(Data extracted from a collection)
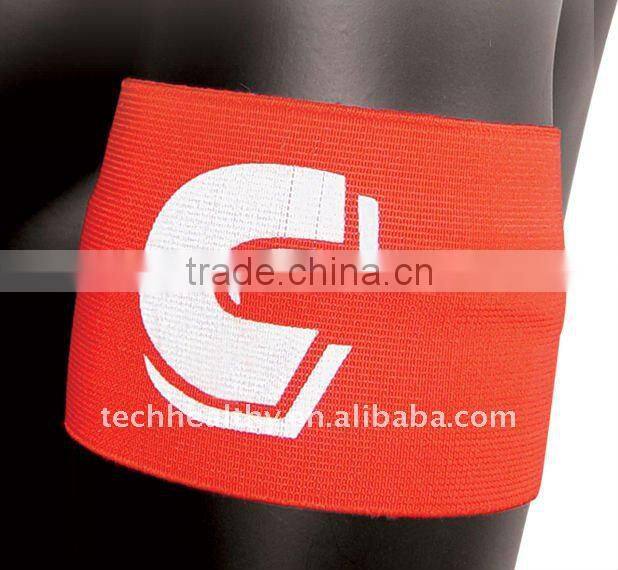 Captain Armband of nylon with a loop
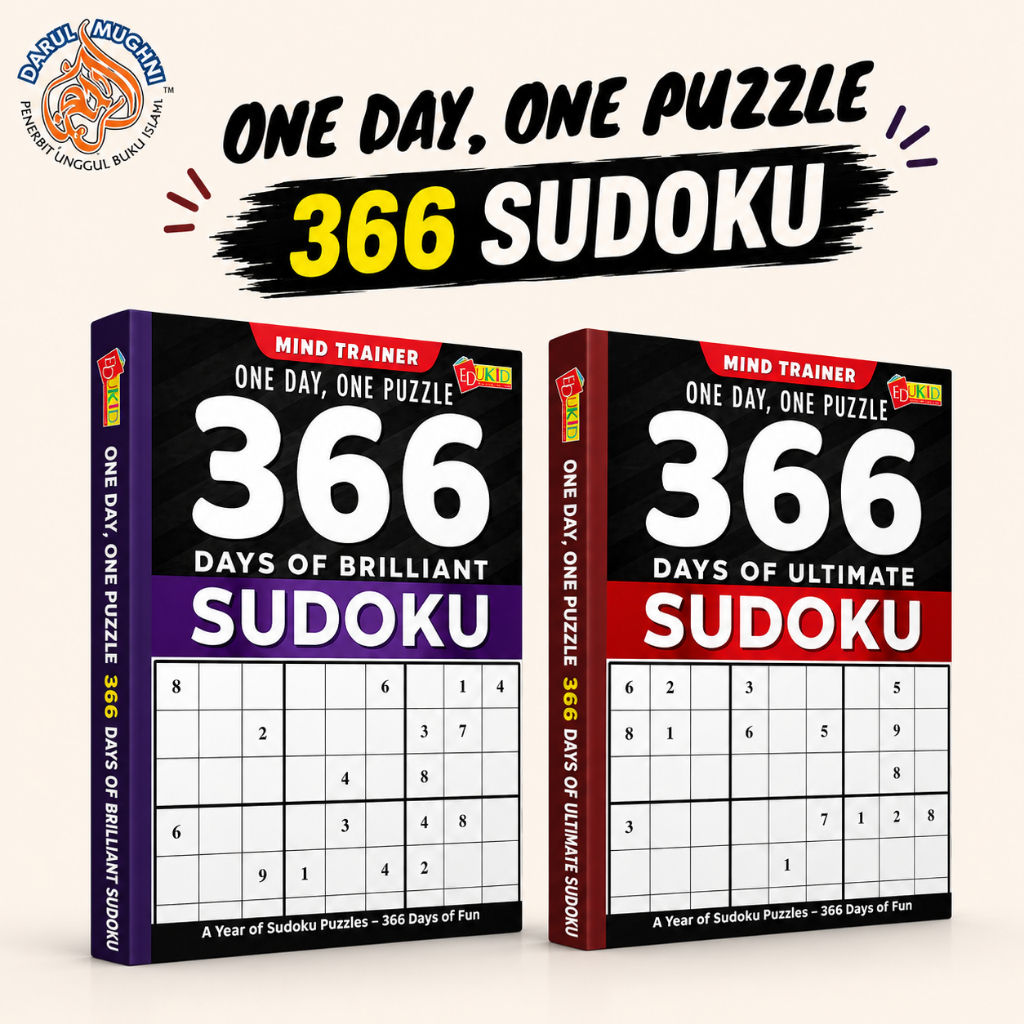 Buku Sudoku - 366 - หนังสือ sudoku - อังกฤษ - ผู้ใหญ่ - - หนังสือ - คําค้นหา - 366 sudoku for kids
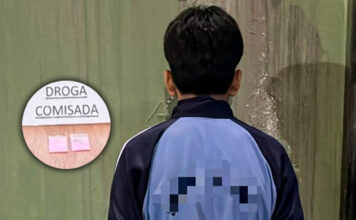 Intervienen a estudiante de 16 años con presunta droga sintética en colegio de La Esperanza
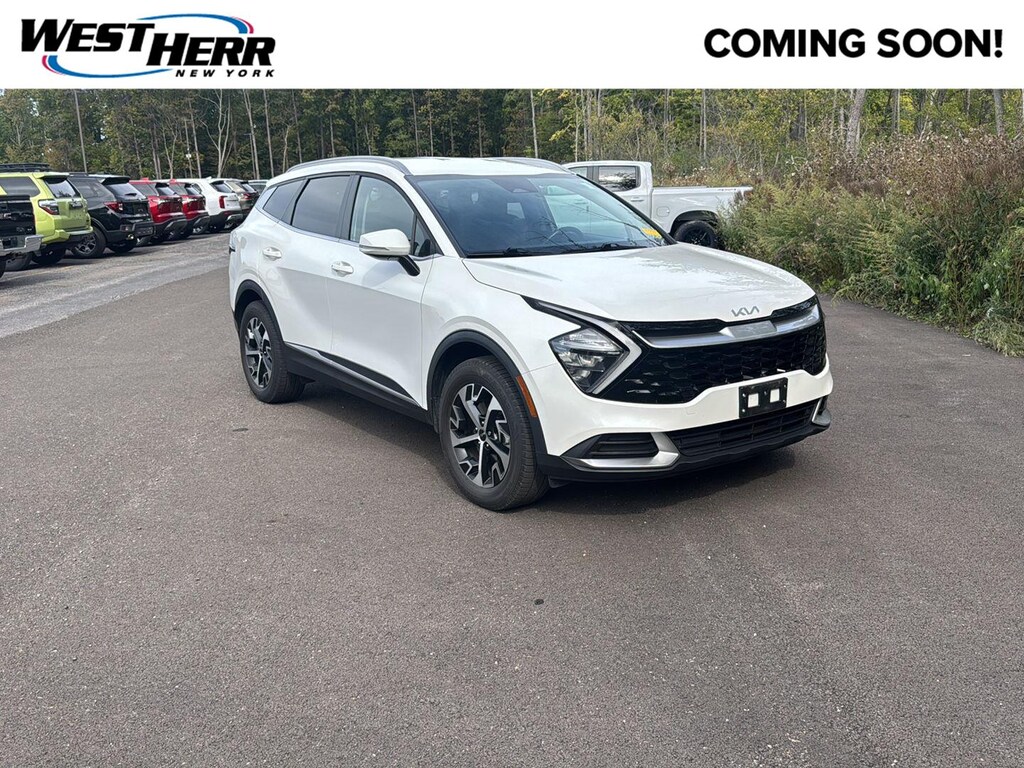 Certified 2023 Kia Sportage Hybrid EX SUV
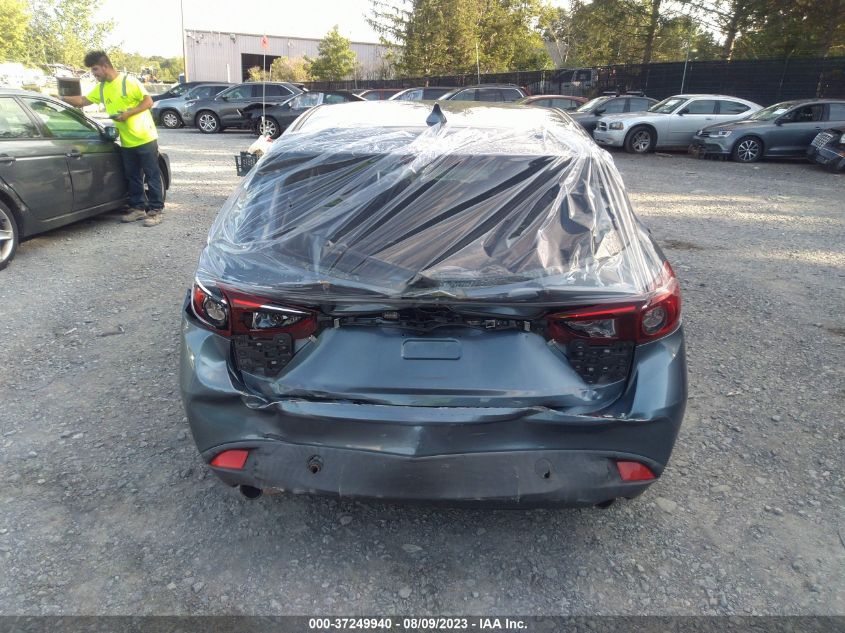2016 MAZDA MAZDA3 I TOURING - 3MZBM1M7XGM266091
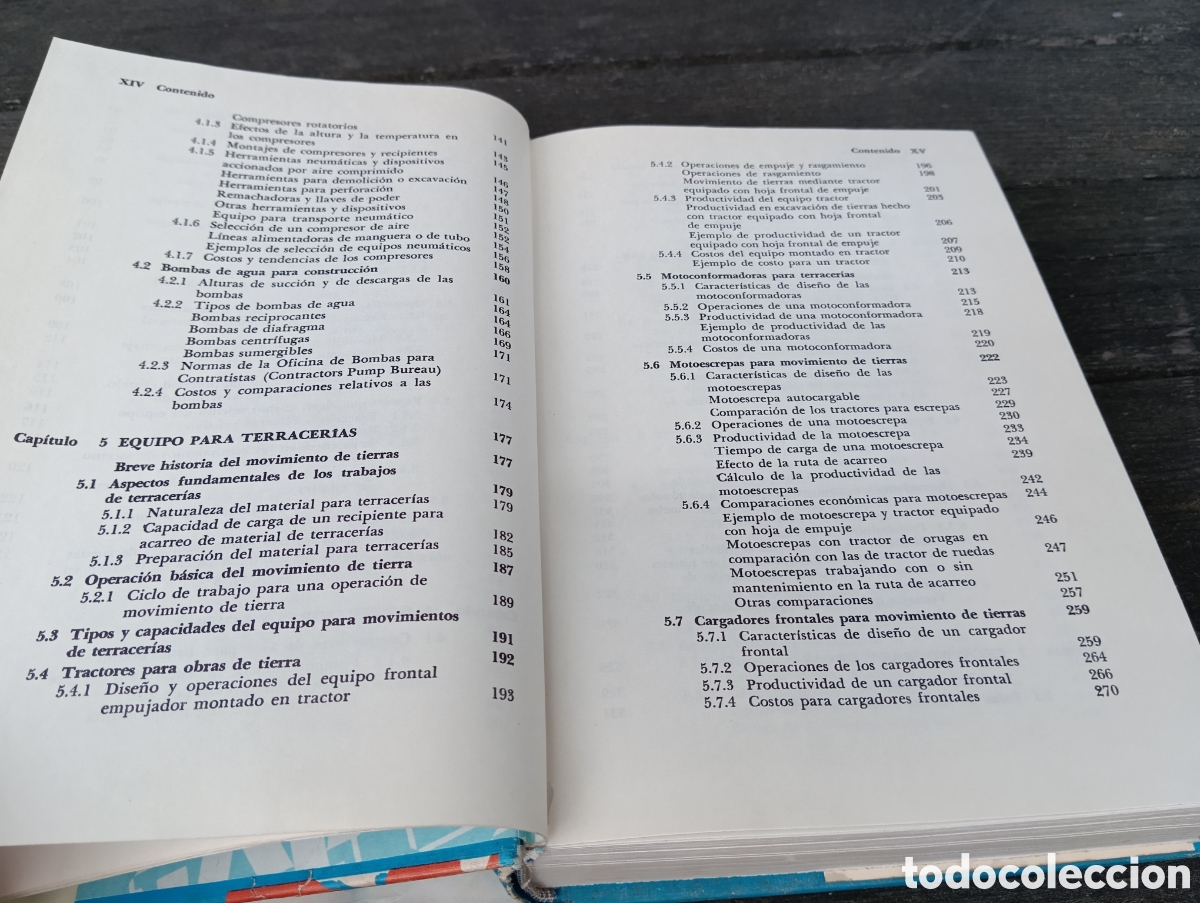 Libros de segunda mano: MAQUINARIA PARA CONSTRUCCI&Oacute;N, DAVID A. DAY. LIMUSA. - Foto 13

**Work to complete**
Your task is to set down every entry exactly, leaving out any picture it contains.

**Exercise answer**
 Captain Armband of nylon with a loop
 Buku Sudoku - 366 - หนังสือ sudoku - อังกฤษ - ผู้ใหญ่ - - หนังสือ - คําค้นหา - 366 sudoku for kids
 Intervienen a estudiante de 16 años con presunta droga sintética en colegio de La Esperanza
 Certified 2023 Kia Sportage Hybrid EX SUV
2016 MAZDA MAZDA3 I TOURING - 3MZBM1M7XGM266091
 Libros de segunda mano: MAQUINARIA PARA CONSTRUCCI&Oacute;N, DAVID A. DAY. LIMUSA. - Foto 13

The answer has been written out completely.